The Transporter Review
In The Transporter, Jason Statham makes his bid to join the new crop of 21st century action heroes which already includes Vin Diesel and The Rock. The Cockney geezer from Lock Stock & Two Smoking Barrels and Snatch, who looks like a cross between Bruce Willis and the Mitchell brothers from Eastenders, may seem like an odd contender and I confess I was sceptical, but his tough, no-nonsense attitude and self-deprecating sense of humour won me over. He certainly looks the part, pumped up like Stallone and pulling off the stunts and martial arts convincingly enough.
Statham plays Frank Martin, an ex-soldier living in the South of France, where he earns a living as a freelance driver for the European underworld.
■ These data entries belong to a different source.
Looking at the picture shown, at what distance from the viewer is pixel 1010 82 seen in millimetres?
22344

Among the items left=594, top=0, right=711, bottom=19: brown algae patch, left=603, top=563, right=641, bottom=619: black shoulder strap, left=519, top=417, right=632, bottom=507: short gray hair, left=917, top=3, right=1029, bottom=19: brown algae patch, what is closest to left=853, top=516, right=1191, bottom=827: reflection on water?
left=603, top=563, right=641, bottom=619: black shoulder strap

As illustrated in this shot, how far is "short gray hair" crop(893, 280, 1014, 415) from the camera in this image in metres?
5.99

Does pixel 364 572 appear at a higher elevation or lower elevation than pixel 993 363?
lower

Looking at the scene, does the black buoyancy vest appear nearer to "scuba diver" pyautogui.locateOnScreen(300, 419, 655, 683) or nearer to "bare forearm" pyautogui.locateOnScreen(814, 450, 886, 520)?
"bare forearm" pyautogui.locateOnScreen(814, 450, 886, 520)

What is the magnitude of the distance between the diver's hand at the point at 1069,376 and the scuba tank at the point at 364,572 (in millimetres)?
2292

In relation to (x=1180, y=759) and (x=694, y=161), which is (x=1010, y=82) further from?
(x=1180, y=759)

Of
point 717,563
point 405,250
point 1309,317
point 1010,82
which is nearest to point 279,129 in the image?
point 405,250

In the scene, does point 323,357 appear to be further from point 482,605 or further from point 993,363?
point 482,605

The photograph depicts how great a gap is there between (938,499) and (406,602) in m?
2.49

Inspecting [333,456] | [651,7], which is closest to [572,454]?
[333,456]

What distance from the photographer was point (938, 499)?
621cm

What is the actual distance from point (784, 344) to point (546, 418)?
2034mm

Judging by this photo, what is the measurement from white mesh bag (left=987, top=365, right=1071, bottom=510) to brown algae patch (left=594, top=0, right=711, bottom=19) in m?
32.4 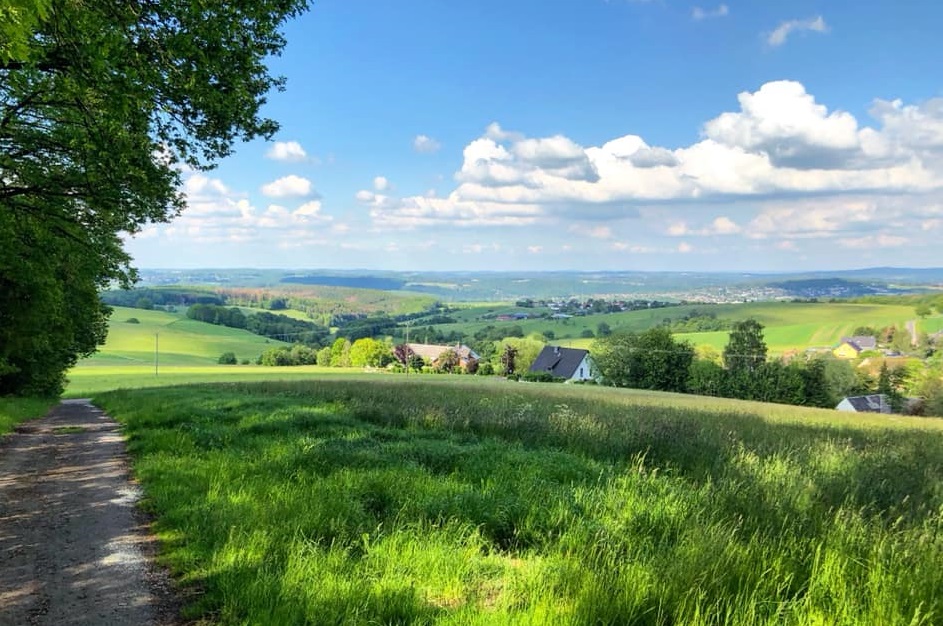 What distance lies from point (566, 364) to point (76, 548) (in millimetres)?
110581

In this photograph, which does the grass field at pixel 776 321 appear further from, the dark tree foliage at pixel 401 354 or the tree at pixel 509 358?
the dark tree foliage at pixel 401 354

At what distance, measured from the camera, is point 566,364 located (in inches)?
4473

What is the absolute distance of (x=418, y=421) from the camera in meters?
12.7

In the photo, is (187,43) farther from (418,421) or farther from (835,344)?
(835,344)

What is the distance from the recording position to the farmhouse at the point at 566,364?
111 m

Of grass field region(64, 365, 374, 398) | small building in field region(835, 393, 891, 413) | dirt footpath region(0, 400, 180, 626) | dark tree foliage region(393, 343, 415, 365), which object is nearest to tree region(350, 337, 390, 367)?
dark tree foliage region(393, 343, 415, 365)

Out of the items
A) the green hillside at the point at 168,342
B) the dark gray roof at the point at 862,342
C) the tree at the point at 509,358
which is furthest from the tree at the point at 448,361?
the dark gray roof at the point at 862,342

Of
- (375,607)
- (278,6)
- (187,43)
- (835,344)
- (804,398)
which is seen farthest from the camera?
(835,344)

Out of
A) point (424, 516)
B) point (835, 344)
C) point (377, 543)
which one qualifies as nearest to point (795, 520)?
point (424, 516)

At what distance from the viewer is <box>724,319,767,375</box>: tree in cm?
Result: 8650

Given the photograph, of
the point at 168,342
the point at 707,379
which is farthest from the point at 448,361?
the point at 168,342

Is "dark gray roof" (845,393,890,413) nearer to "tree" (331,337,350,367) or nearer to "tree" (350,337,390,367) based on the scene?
"tree" (350,337,390,367)

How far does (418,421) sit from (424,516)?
22.8 ft

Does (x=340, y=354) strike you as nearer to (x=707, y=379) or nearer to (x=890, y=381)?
(x=707, y=379) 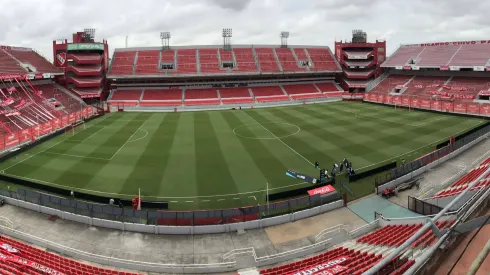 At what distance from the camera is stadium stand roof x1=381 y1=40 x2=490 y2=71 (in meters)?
59.4

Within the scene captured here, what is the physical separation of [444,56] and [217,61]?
47.9 metres

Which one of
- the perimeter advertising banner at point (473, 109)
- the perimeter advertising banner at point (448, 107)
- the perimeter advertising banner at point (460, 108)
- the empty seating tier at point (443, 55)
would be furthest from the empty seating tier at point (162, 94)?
the perimeter advertising banner at point (473, 109)

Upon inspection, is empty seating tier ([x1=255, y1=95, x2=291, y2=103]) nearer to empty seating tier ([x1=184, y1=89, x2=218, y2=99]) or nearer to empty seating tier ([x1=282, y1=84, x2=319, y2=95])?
empty seating tier ([x1=282, y1=84, x2=319, y2=95])

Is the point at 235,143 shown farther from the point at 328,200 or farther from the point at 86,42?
the point at 86,42

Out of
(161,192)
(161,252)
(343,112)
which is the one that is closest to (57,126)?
(161,192)

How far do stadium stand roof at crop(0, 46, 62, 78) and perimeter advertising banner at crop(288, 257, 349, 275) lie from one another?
53.2 metres

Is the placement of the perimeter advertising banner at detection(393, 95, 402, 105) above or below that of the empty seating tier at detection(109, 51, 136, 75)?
below

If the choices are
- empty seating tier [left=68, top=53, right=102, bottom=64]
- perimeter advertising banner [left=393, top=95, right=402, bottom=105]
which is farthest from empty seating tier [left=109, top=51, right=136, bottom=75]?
perimeter advertising banner [left=393, top=95, right=402, bottom=105]

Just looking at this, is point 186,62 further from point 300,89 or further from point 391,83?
point 391,83

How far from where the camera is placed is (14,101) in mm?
45312

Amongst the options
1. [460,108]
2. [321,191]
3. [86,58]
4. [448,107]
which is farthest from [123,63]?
[460,108]

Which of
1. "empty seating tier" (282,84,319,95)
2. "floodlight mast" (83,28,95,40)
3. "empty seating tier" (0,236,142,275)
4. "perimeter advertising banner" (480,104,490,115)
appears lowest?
"empty seating tier" (0,236,142,275)

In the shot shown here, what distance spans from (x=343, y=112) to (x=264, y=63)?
29.7 metres

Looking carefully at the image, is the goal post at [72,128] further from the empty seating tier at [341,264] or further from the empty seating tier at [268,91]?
the empty seating tier at [341,264] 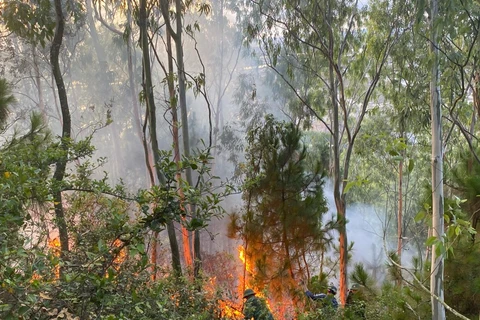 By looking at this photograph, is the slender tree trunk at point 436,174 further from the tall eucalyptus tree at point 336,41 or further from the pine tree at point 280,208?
the pine tree at point 280,208

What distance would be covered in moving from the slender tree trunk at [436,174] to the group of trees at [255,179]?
13mm

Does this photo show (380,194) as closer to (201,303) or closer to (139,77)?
(139,77)

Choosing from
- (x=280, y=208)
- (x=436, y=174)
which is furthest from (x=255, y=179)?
(x=436, y=174)

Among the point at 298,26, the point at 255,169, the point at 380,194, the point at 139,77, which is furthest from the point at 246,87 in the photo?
the point at 255,169

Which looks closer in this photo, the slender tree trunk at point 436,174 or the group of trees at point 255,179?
the group of trees at point 255,179

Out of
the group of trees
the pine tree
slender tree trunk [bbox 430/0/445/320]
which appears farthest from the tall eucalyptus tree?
slender tree trunk [bbox 430/0/445/320]

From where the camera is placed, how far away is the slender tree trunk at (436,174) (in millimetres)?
2814

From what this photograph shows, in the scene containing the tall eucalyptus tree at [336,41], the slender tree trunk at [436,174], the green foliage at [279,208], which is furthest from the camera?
the tall eucalyptus tree at [336,41]

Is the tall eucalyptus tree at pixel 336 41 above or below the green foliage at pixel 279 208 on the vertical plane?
above

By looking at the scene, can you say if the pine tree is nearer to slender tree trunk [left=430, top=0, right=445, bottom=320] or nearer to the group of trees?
the group of trees

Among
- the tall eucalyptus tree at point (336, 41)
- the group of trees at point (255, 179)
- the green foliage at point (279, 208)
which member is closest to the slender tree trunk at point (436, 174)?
the group of trees at point (255, 179)

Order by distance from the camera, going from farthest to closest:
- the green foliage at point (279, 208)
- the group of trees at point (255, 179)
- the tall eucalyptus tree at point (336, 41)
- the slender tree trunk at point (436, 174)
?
the tall eucalyptus tree at point (336, 41) → the green foliage at point (279, 208) → the slender tree trunk at point (436, 174) → the group of trees at point (255, 179)

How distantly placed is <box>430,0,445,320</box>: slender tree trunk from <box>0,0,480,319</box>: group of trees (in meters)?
0.01

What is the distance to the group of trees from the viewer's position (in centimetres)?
152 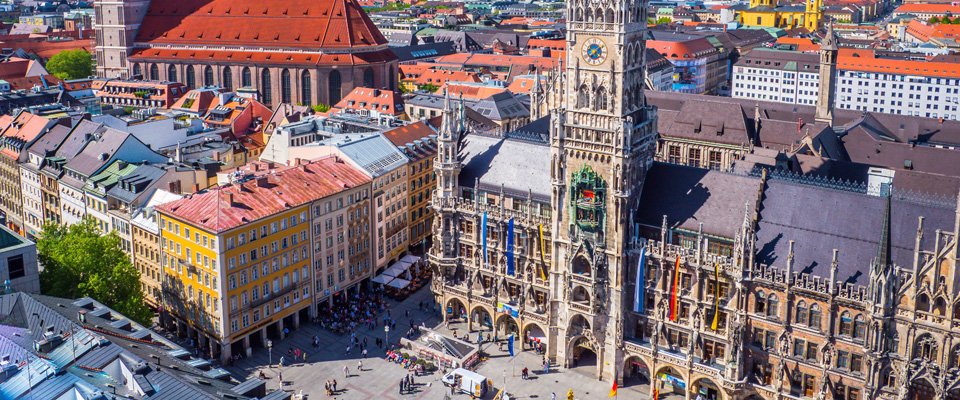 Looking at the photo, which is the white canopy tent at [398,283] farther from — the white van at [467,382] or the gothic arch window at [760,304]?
the gothic arch window at [760,304]

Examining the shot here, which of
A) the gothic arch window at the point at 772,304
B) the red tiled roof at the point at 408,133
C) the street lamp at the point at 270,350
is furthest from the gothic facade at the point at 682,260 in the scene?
the red tiled roof at the point at 408,133

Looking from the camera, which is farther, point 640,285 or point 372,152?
point 372,152

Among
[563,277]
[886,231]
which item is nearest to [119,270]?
[563,277]

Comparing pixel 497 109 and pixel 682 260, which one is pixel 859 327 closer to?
pixel 682 260

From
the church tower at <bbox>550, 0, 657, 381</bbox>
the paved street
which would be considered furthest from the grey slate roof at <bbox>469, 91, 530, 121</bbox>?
the church tower at <bbox>550, 0, 657, 381</bbox>

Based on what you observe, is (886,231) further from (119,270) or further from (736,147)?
(119,270)

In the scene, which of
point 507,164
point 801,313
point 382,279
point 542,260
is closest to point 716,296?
point 801,313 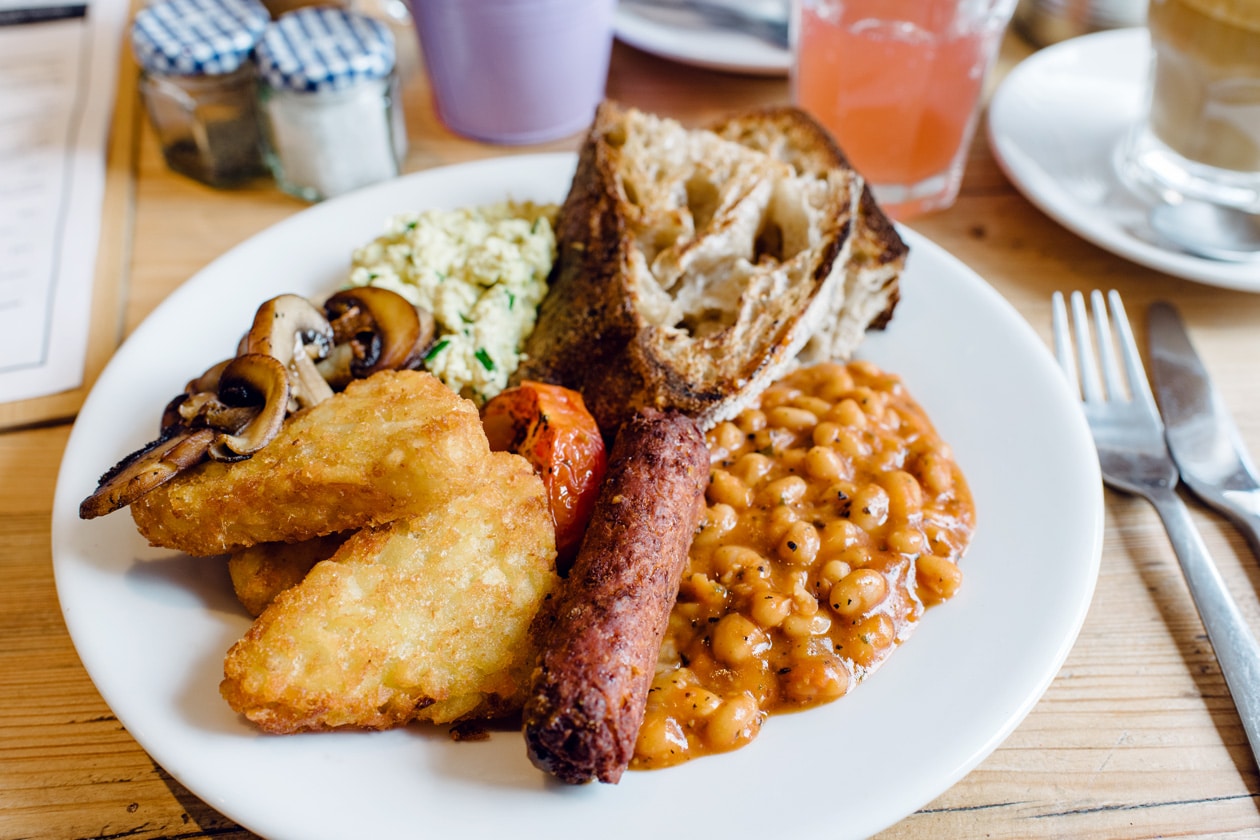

Frank is a man with no morals and three unbreakable rules - never change the deal, no names and never look in the package. After demonstrating his skill behind the wheel in an opening chase through the streets of Nice, he's hired to make a delivery for some shady characters, no questions asked. By accident, he discovers that the bag he's carrying contains a young Chinese woman (Qi Shu) but Frank's a professional and he finishes the job. Unfortunately the gangsters who hired him find out he's seen the girl and, after an attempt on his life fails, he and his package end up on the run together.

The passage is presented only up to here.